**Directions:**
All of the data should be repeated exactly; pictures are not part of the copy.

**Records for the exercise:**
+ + + +

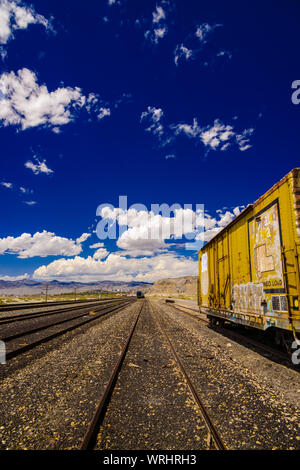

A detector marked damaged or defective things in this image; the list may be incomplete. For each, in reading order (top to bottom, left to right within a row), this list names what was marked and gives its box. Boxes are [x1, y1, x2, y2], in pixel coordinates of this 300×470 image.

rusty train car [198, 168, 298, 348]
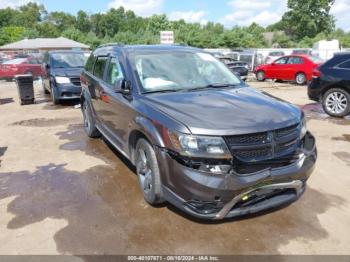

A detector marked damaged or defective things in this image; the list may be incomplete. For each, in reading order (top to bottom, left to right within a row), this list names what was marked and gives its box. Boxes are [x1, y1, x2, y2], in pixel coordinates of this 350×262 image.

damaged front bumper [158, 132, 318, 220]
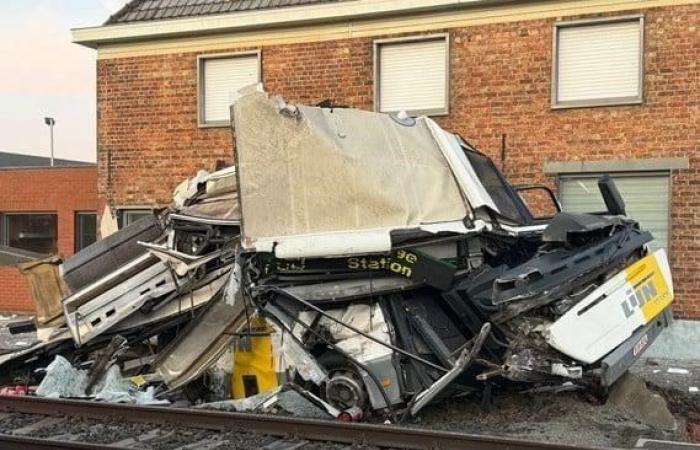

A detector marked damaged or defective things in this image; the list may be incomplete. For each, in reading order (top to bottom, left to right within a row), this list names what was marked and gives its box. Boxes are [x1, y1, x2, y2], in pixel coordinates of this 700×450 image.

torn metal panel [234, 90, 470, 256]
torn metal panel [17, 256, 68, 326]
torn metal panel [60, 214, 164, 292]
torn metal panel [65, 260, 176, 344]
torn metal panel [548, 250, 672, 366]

+ + + +

**Solution to this exercise:**
A detector marked damaged or defective things in this image; the list may be incomplete. For each, in reading order (top to bottom, left to right within a row), this list names what was marked and gives its box. Boxes are [x1, y1, x2, y2], in pixel coordinates of this 300×470 image.

rusty train car [198, 168, 298, 348]

A detector marked damaged or defective things in this image; the list may be incomplete. For each, in reading order (top to bottom, left to right within a row), this list names what was marked and gives its box. Boxes are [x1, y1, x2, y2], in pixel coordinates of this 350×262 image.

damaged front bumper [158, 132, 318, 220]

A detector marked damaged or defective things in this image; the list may be incomplete. For each, in reading order (top to bottom, left to right within a row), this list names what was marked and gives its box. Boxes are [x1, y1, x2, y2], in pixel coordinates of this 700×450 image.

torn metal panel [234, 90, 470, 256]
torn metal panel [17, 256, 68, 326]
torn metal panel [60, 214, 164, 292]
torn metal panel [65, 260, 176, 344]
torn metal panel [548, 250, 672, 366]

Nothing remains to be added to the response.